Or: why the alleged ‘outing’ of Polish politicians is maybe not such a brilliant idea.
Veteran (I hope he doesn’t mind that word) libertarian journalist and gay rights campaigner, Doug Ireland, published an article in Gay City News on Prime Minister Jaroslaw Kaczynski this week where he goes straight for the jugular:
Poland’s homophobic Prime Minister Jaroslaw Kaczynski — the identical twin brother of Polish President Lech Kaczynski—was outed as a homosexual in major Polish media last week…
Rzeczpolita [Rzeczpospolita?] published documents—some only recently declassified, and some that were leaked—from the files of the Polish Secret Service that discussed Prime Minister Kaczynski’s homosexuality. As part of an investigation, begun in 1992, of right-wing political parties that, the documents said, “could threaten democracy,” a Secret Service department then headed by Colonel Jan Lesiak reported, “It is advisable to establish if Jaroslaw Kaczynski remains in a long-term homosexual relationship and, if so, who his partner is.”
...Then, also last week, former President Lech Walesa repeated on Polish television a crack about the current prime minister’s homosexuality that he had made 13 years before—when, in an interview on the Polish public TV network TVP1, he had said that the Kaczynski twins had come to his birthday party, and that “Lech came with his wife and Jaroslaw came with his husband.”
The rumours about Jaroslaw’s sexuality have been around for along while, of course. But to put the current ‘outing’ in context, Kaczynski is the head of a government which has made some gross homophobic remarks since it came to power last November. His brother, President Lech Kaczynski, when mayor of Warsaw, banned a gay march and called gays ‘perverts’.
So the tactic of gay campaigners here has been to point to the hypocrisy of Kaczynski’s (alleged)...er...position.
When the political is reduced to the personal
I should be honest and say that in July this year Doug Ireland contacted me about the existence of the report by Colonel Jan Lesiak (which as I have showed in a previous post is mostly full of gossip got from reading magazine articles) and asked me how he could get hold of some translated extracts.

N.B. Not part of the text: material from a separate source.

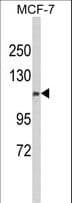 CFAP47 Antibody (aa628-657)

I told Doug then that Col Lesiak was a secret service agent during the very oppressive 1980s, when Solidarity leaders were being banged up by Stalinists, and that he was not a good source of information about prominent Solidarity activists like the Kaczynskis.
In fact, for various reasons I didn’t want to get involved in all this – largely on the principle that raking up details of the personal lives of politicians – even hypocritical ones – was not the best way to win political arguments.
But Doug Ireland has contacts with the anti-homophobia movement here and they have been feeding him lots of gossip about the private lives of Polish conservative politicians.
For instance, in the article in Gay City News Doug Ireland quotes gay journalist Michal Rolecki as saying: “…everyone knows that the president and the home secretary regularly visit female brothels.”
Blimey! Does everyone know that? I didn’t, neither does anyone else I have asked about it. Does the president of Poland really sneak into brothels for a quick one now and again? I doubt it.
But as Rolecki says “…you must bear in mind that sex still remains a considerable taboo in Catholic Poland. Some three-quarters of Poles say that that sexuality is a private thing not to be discussed in public. For example, we have never had a sex scandal related to government…”
Actually, there was an expose of the sex lives of Polish politicians published in a book by a journalist who got to sleep with many of them, Anastazja Potocka. The revelations were published about the same time as the initial ‘outing’ of Kaczynski by Walesa. In fact, many think that she was working with Col. Lesiak.
But generally the private lives of politicians are left out of the newspapers. And that is not a particularly Polish, or Catholic thing: in fact most European countries are not like the US, (or the UK, for that matter). There is a separation between public and private.
In the US ‘political arguments’ commonly end up revolving around the grubby activities of drunks like Foley – which of course, is not really a political issue at all.
I do understand that gays and lesbians are using the alleged ‘outing’ of Jaroslaw Kaczynski to bash the government with the same weapon that the government has been bashing them with.
But the best way to challenge homophobia is to restrict the argument to political principles. Gays have as much right to live as they want as heterosexuals do. The issue is about equality and human rights, not what politicians get up to, or don’t get up to, in the privacy of their own bedrooms – or wherever.
Let’s stick to politics and kick the personal out of the political. Otherwise the argument comes down to the behaviour of politicians, and not the principles of Politics.